What I am against is a bombing campaign without a coherent plan for ground forces. I am against entering into a theatre of war without agreements publicly in place with our direct and indirect allies. That is, there must be a coherent strategy which is acceptable to Russia as well as our closest allies. And crucially, it must be presented to the British people. There may be a plan but I have not been shown it. We literally don’t know what the current government position on the Assad regime is for instance.

I understand that I may be ignorant of the issues. I have read the Foreign Affairs Committee report, and that is as far as my understanding goes. I realise that David Cameron is privy to information that I do not have. However, I strongly believe that in a democracy the government should demonstrate to me why action is required and why the action is of the form in which it is presented. I feel that that has not happened in this case. I am concerned about the fact that after a previous vote in 2013 which didn’t pass, RAF jets were involved in allied campaigns anyway. Finally, I find the logical connection between attacks in Paris and this action tenuous. The positions described in this and the previous paragraph are the totality of reasons for which I was called a terrorist sympathiser.

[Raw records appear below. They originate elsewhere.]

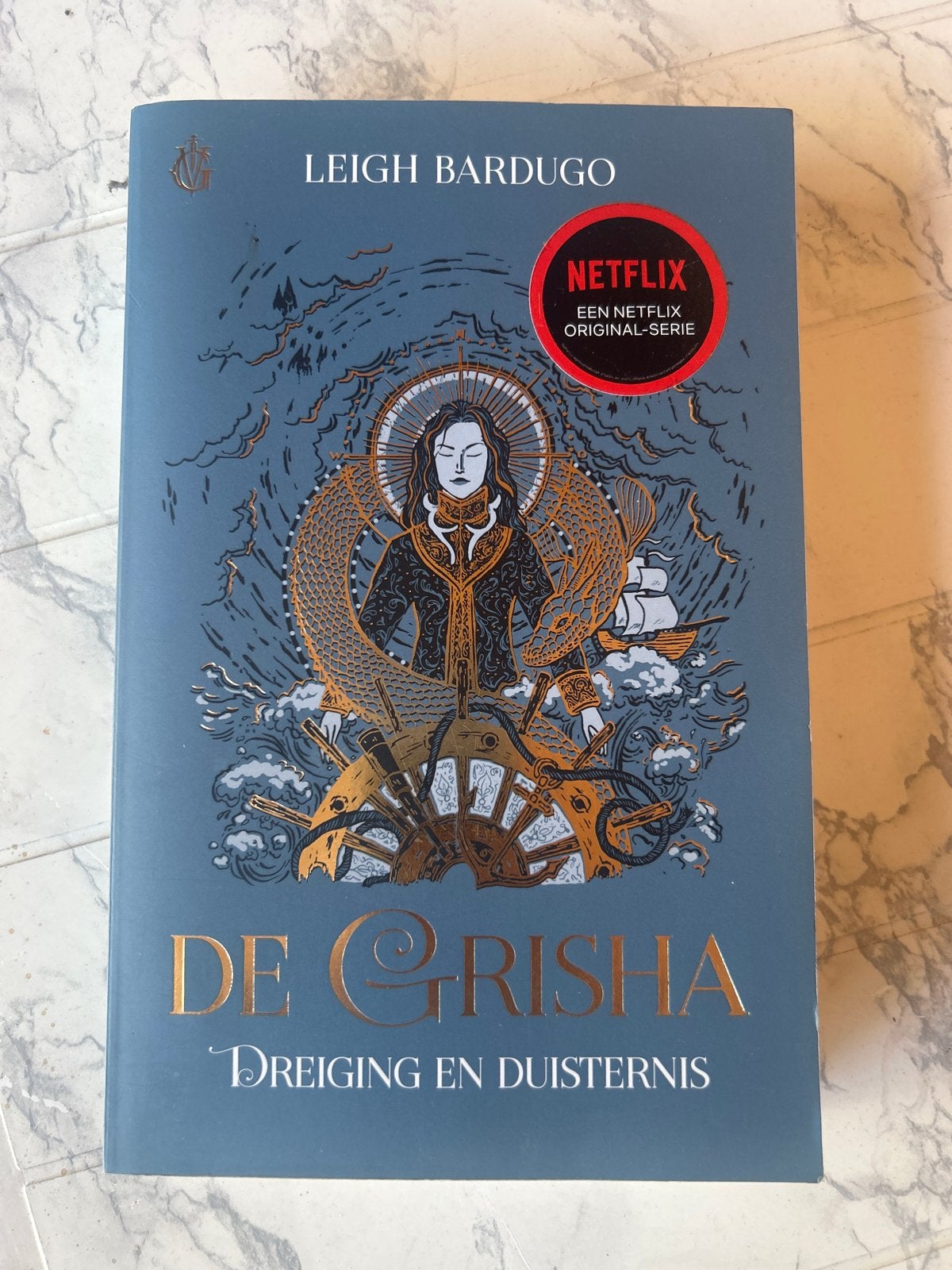 De Grisha: Dreiging en Duisternis - Leigh Bardugo (Netflix), Boeken, Ophalen of Verzenden, Zo goed als nieuw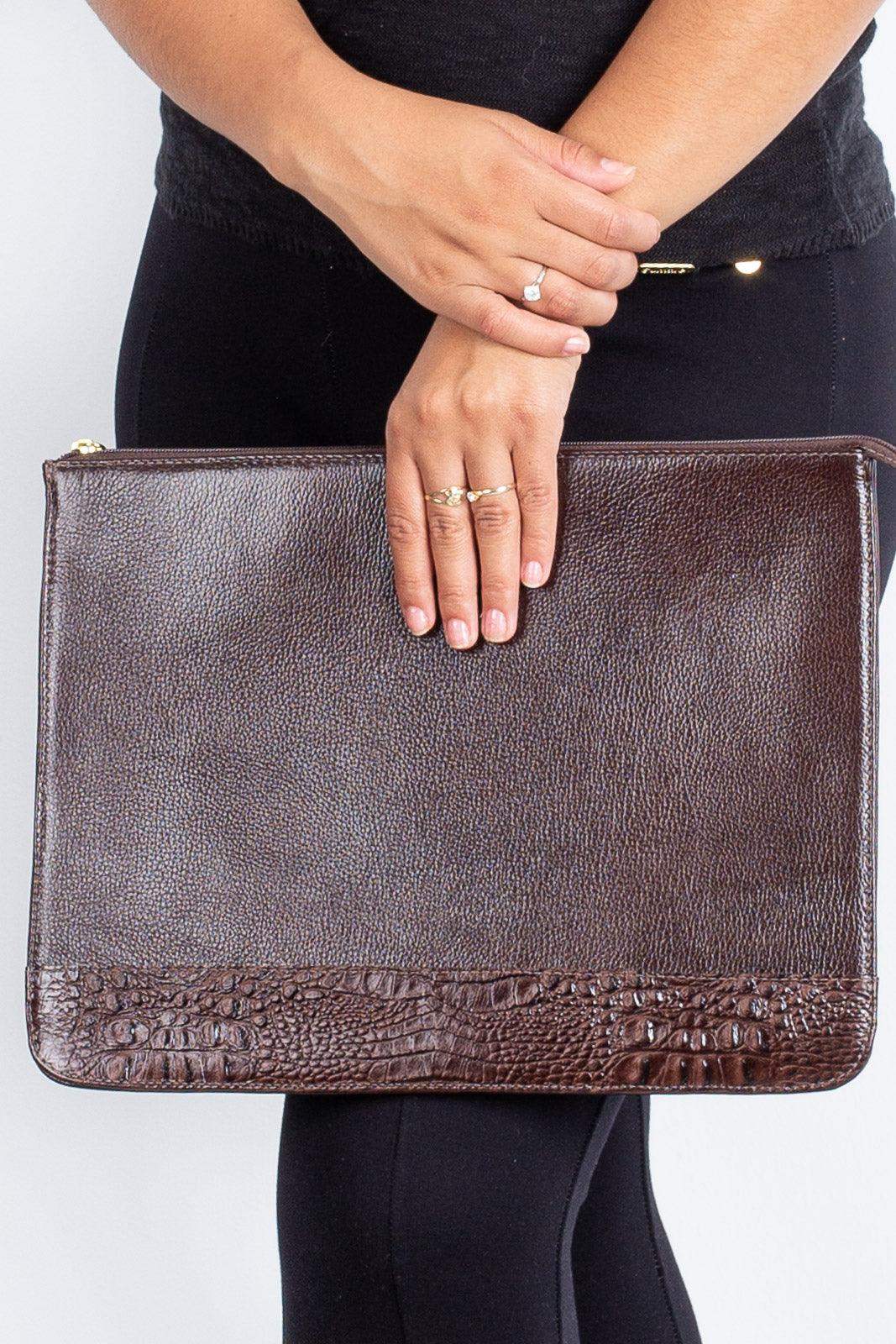 Pasta envelope de couro liso Bruna - Enluaze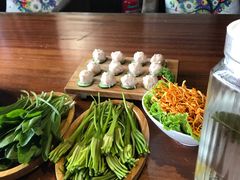 -慢丽江·云南野生菌土鸡锅(西山店)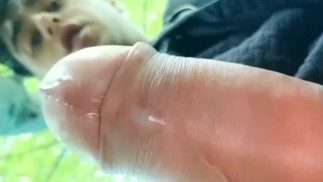 Кончает кончик необрезанного члена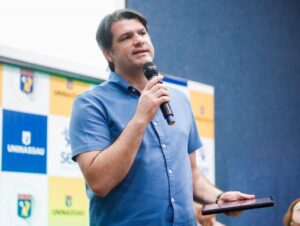 Leo Bezerra apresenta avanços da Saúde e defende construção coletiva das políticas públicas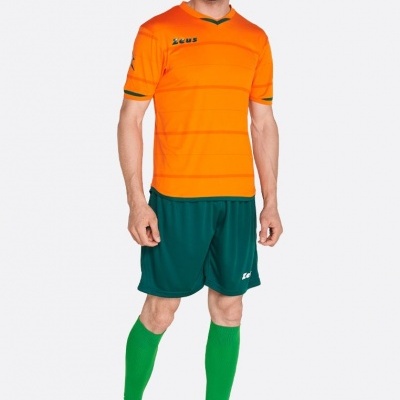 Homem com equipamento desportivo laranja e verde em fundo branco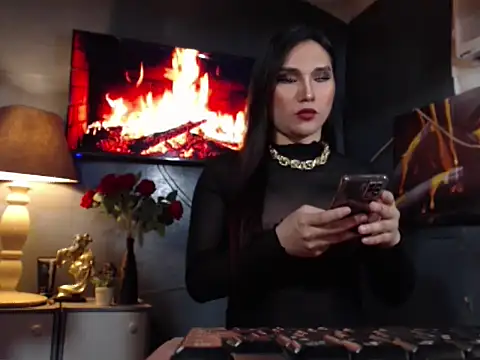 QueenStellaMisstres online show from March 14, 2026, 1:22 am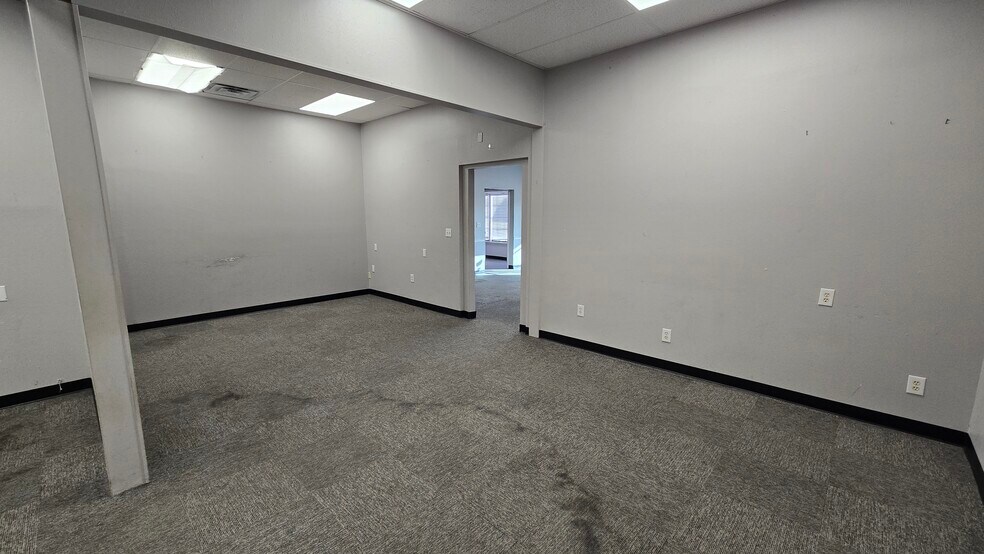 More Photos Of 5720 Gall Blvd, Zephyrhills Office For Lease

Obviously, I accept that I may be wrong and that a bombing campaign without any troops may turn out to be the wisest approach to defeating IS and that history will prove it thus. I would have no problem with being described as foolish or incorrect or naive or stupid or even evil. But I don’t believe it is acceptable or correct to describe me as a terrorist sympathiser.

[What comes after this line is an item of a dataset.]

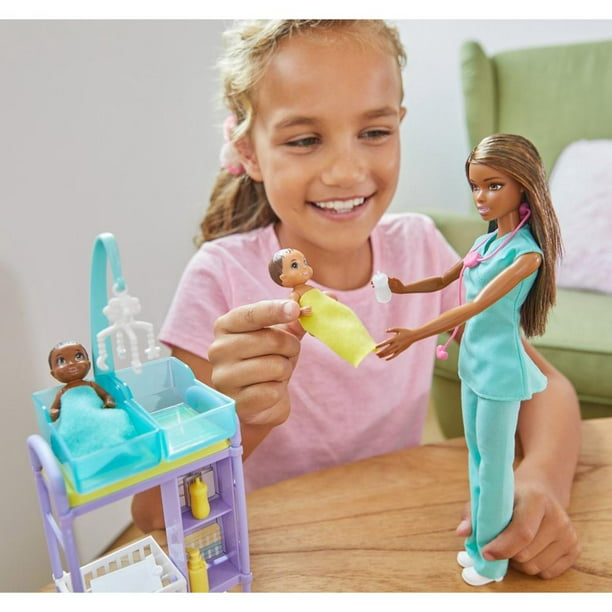 Muñeca Barbie Pediatra Morena con Bebés | Walmart en línea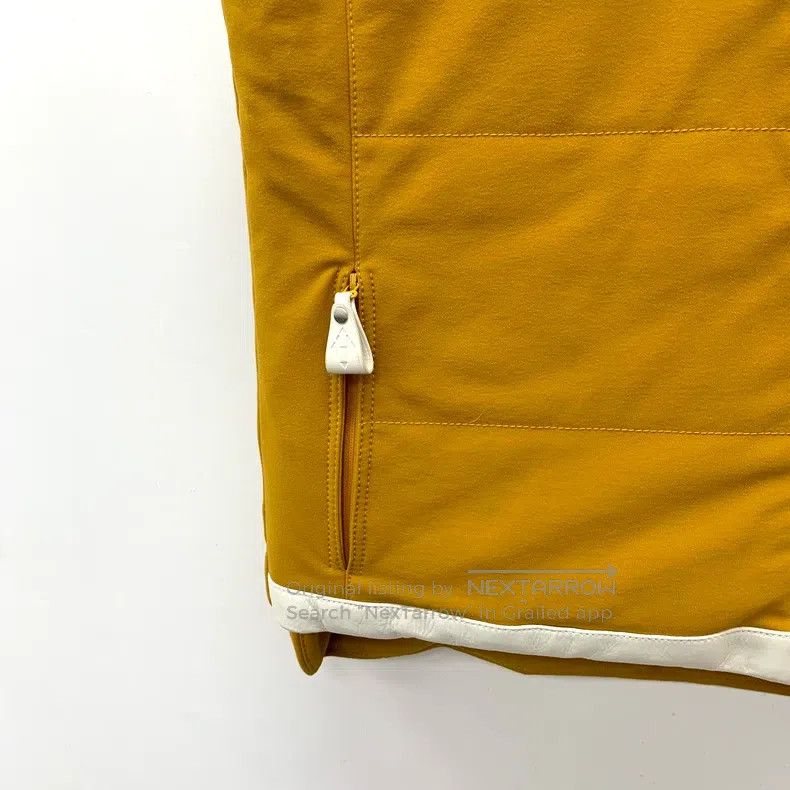 Hermes Hermes Yellow stand collar zipper sleeveless vest coat Size XXS / US 00 / IT 34 - 4 Thumbnail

It has a quite peculiar psychological effect to be described as a terrorist sympathiser by a senior politician. I am in no danger of being radicalised. As you will understand from the first two paragraphs I am no liberal. I don’t like David Cameron’s and the majority of elected MP’s wet approach to language. I think a religion must always be defined in terms of its political appropriation. I believe a book which says ‘you should kill people who don’t agree with this book’ probably means that and that metaphorical interpretations are dubious and not to be taken for granted. Despite all those things I find myself to be attacked philosophically by a man who frankly hasn’t done the reading. Fundamentally, I would sum up the effect it had on me as alienating. If I, as a privileged white male middle class university educated illiberal pro-military anti-Islamist feels like that how will it make other less mainstream thinkers feel? And what effect might it have on their worldview and actions?

It also gives legitimacy to people who do sympathise with terrorists. Since I can so longer call them terrorist sympathisers I am forced into an alliance with people I consider as evil. It is a syntactical muddle which is as bizarre as it is insulting.

It was a dangerous piece of slander aimed at a large portion of the population and it is an outrage that there has been no apology.

Please accept my apologies for the earnestness and lack of humour,

Raph Shirley, terrorist sympathiser.